Data
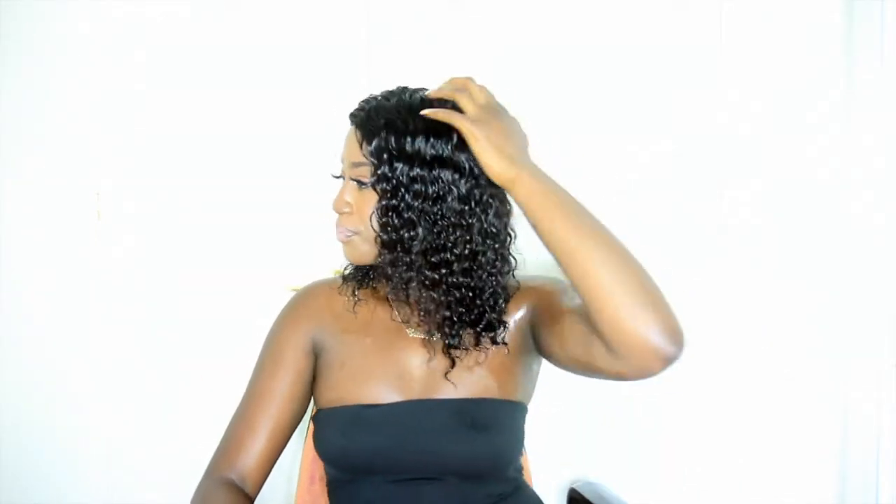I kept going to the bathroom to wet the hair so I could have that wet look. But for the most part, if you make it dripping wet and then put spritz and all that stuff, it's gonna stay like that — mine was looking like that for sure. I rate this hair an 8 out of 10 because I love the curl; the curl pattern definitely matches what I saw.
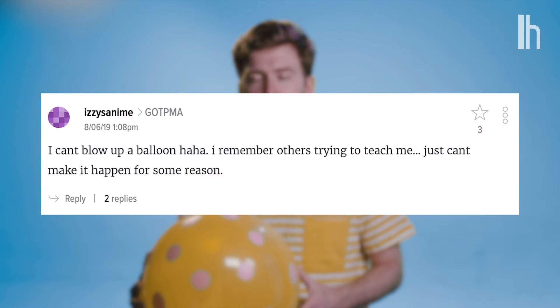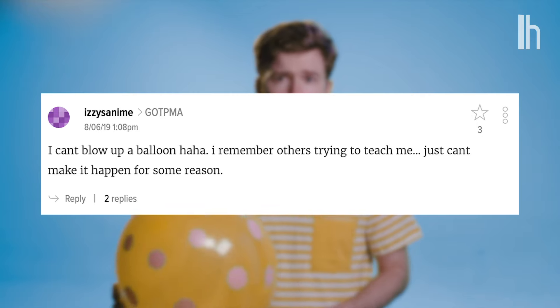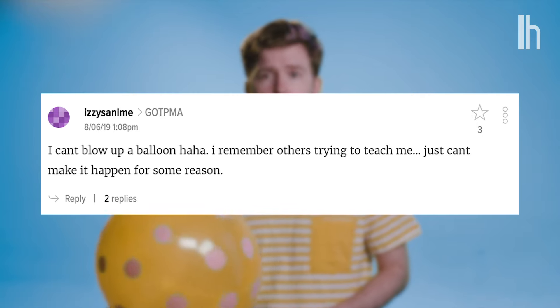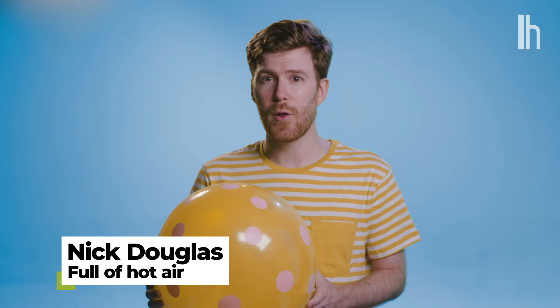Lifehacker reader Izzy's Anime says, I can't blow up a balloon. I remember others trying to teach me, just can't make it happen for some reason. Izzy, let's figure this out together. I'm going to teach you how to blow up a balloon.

...

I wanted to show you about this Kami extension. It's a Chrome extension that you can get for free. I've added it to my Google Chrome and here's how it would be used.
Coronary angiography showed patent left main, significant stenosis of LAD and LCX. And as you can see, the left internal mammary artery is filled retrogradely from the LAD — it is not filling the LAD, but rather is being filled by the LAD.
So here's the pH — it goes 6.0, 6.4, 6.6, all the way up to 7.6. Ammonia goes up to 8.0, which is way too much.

Work item
Using the listing, filter for "here" and return the matching lines.

Answer box
I wanted to show you about this Kami extension. It's a Chrome extension that you can get for free. I've added it to my Google Chrome and here's how it would be used.
So here's the pH — it goes 6.0, 6.4, 6.6, all the way up to 7.6. Ammonia goes up to 8.0, which is way too much.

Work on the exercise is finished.